Every entry below should be printed exactly.
^^^^^^^^
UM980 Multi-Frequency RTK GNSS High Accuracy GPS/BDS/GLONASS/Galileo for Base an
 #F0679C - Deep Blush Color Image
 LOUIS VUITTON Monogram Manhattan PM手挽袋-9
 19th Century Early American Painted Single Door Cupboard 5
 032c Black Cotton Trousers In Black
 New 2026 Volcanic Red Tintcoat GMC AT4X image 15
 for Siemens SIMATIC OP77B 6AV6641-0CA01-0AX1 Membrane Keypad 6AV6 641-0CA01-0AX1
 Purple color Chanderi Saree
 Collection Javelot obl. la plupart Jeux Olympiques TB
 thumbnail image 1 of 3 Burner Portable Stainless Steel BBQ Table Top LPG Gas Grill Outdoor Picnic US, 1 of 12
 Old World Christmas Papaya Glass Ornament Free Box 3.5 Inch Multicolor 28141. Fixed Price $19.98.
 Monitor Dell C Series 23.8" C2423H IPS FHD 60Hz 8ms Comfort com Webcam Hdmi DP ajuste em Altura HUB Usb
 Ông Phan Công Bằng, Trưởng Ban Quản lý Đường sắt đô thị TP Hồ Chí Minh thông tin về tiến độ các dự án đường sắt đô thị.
^^^^^^^^
#### [Answer space]
UM980 Multi-Frequency RTK GNSS High Accuracy GPS/BDS/GLONASS/Galileo for Base an
 #F0679C - Deep Blush Color Image
 LOUIS VUITTON Monogram Manhattan PM手挽袋-9
 19th Century Early American Painted Single Door Cupboard 5
 032c Black Cotton Trousers In Black
 New 2026 Volcanic Red Tintcoat GMC AT4X image 15
 for Siemens SIMATIC OP77B 6AV6641-0CA01-0AX1 Membrane Keypad 6AV6 641-0CA01-0AX1
 Purple color Chanderi Saree
 Collection Javelot obl. la plupart Jeux Olympiques TB
 thumbnail image 1 of 3 Burner Portable Stainless Steel BBQ Table Top LPG Gas Grill Outdoor Picnic US, 1 of 12
 Old World Christmas Papaya Glass Ornament Free Box 3.5 Inch Multicolor 28141. Fixed Price $19.98.
 Monitor Dell C Series 23.8" C2423H IPS FHD 60Hz 8ms Comfort com Webcam Hdmi DP ajuste em Altura HUB Usb
 Ông Phan Công Bằng, Trưởng Ban Quản lý Đường sắt đô thị TP Hồ Chí Minh thông tin về tiến độ các dự án đường sắt đô thị.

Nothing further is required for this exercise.